Personal information
- Born: September 10, 1995 (age 30) Chattanooga, Tennessee
- Home town: Xenia, Ohio

Sport
- Country: United States
- Sport: Track and field
- Event: 3000 metres steeplechase
- College team: Cedarville University, Indiana Hoosiers

Medal record
Representing United States
NACAC Championships
| Gold medal – first place | 2025 Freeport | 3000 m steeplechase |
Pan Am Games
| Silver medal – second place | 2023 Santiago | 3000 m steeplechase |

= Daniel Michalski (runner) =

American athlete (born 1995)

Daniel Michalski (born September 10, 1995) is an American runner who competes primarily in the 3000 metres steeplechase.

==Career==
Michalski grew up in Xenia, Ohio and graduated from Cedarville University in Ohio, transferring to Indiana University Bloomington for his fifth year. He currently lives and trains in Colorado Springs, Colorado, where he is a member of the United States Air Force World Class Athlete Program. In 2023, he won the silver medal in the 3000 m steeplechase behind Canadian Jean-Simon Desgagnés at the Pan American Games in Santiago, Chile with a time of 8:36.47. In 2025, he finished 2nd in the 2025 US Outdoor Track & Field Championships, potentially qualifying for the 2025 World Athletics Championships.
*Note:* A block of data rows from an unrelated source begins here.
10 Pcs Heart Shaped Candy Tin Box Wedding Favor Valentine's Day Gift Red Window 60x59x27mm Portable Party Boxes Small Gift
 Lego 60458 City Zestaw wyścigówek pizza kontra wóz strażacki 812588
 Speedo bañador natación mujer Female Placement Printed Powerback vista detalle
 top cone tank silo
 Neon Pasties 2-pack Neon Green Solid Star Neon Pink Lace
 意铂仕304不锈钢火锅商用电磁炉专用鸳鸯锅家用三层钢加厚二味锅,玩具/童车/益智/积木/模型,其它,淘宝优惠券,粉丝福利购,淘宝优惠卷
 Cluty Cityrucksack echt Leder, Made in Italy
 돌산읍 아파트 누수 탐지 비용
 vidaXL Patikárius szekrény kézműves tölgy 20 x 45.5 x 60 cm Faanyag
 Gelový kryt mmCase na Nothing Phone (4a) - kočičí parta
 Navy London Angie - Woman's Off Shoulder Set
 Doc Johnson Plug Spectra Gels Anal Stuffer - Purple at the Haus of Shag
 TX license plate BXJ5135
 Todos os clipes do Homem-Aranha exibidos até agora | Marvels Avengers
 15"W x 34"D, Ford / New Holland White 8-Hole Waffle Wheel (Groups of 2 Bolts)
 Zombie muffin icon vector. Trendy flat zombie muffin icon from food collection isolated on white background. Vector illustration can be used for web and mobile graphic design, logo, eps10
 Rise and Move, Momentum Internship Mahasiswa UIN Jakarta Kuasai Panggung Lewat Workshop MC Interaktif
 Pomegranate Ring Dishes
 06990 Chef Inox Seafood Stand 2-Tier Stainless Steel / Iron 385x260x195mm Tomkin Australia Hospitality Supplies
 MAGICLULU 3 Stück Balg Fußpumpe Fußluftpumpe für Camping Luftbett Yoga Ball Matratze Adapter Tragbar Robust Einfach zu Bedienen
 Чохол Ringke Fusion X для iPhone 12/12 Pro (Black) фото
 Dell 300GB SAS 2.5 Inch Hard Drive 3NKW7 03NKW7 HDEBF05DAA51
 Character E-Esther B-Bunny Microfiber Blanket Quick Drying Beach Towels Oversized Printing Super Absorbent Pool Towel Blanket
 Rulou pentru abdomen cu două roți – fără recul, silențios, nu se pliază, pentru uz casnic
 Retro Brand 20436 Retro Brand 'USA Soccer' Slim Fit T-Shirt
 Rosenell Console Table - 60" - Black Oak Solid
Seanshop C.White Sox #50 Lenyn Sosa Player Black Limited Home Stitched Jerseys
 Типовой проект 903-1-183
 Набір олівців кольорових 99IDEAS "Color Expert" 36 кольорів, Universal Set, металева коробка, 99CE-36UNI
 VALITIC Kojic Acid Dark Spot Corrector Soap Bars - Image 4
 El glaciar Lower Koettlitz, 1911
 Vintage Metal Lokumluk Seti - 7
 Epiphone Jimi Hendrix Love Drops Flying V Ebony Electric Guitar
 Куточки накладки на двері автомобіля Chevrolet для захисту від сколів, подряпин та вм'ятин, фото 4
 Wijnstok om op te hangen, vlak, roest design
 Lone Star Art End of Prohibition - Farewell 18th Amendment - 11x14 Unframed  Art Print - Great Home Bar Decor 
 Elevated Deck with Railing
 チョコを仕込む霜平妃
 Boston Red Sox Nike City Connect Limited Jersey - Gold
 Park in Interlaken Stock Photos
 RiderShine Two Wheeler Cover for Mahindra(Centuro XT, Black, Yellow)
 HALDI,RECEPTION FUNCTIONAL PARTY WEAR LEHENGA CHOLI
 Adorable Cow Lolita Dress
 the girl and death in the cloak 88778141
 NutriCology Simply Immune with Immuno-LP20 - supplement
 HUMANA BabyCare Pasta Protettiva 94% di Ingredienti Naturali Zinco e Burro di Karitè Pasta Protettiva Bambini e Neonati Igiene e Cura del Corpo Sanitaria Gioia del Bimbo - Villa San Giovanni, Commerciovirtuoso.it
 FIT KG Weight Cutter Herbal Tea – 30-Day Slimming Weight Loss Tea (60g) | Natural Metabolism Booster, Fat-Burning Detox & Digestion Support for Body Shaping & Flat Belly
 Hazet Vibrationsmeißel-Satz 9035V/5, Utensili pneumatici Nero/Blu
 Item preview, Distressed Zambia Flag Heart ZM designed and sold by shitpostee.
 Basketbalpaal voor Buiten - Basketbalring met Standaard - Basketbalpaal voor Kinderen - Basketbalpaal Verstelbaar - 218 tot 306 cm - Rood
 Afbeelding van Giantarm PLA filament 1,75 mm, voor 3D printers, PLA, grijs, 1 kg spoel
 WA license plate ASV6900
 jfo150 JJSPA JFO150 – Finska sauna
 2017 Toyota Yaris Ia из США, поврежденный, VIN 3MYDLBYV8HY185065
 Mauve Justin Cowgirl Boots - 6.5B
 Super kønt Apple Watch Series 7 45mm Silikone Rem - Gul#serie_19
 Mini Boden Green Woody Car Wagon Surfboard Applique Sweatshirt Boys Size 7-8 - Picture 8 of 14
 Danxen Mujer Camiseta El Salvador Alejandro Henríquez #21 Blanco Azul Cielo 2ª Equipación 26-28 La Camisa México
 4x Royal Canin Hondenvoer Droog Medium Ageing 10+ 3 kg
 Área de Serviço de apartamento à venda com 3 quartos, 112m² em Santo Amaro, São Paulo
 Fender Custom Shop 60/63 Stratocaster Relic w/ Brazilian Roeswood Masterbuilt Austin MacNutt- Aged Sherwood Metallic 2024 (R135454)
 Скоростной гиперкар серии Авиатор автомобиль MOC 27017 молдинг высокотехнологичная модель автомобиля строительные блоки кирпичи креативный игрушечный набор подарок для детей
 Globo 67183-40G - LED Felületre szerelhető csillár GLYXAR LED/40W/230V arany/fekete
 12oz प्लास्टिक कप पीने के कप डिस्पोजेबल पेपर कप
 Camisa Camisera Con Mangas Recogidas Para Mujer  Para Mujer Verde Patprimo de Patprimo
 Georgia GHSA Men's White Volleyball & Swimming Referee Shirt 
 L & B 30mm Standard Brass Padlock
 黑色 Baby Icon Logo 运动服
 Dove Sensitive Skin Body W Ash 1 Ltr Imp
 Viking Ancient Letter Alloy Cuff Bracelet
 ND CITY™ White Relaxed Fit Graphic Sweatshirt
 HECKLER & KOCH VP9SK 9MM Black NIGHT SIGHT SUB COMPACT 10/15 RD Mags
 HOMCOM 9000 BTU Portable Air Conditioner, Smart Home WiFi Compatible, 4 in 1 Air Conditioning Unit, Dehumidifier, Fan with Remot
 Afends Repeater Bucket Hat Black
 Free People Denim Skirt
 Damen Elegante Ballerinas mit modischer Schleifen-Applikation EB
Michalski won the 2025 NACAC Championships with a time of 8:14.07, running under the qualifying standard for the World Championships and therefore solidifying his spot on the team.
At the 2025 World Championships, Michalski qualified for the final from heat 3, finishing behind Soufiane El Bakkali and Lamecha Girma with a time of 8:28.76. In the final, Michalski took the lead with around 1000m to go, putting a gap on the field and maintaining his lead until the bell lap. The race ended up being won by Geordie Beamish with a time of 8:33.88, with Michalski finishing 9th in a time of 8:37.12.

==Personal bests==
- Mile – 3:57.25 (Raleigh, NC 2022)
  - Mile indoor – 4:01.32 (Bloomington, IN 2019)
- 3000 m SC – 8:14.07 (Freeport, Bahamas 2025)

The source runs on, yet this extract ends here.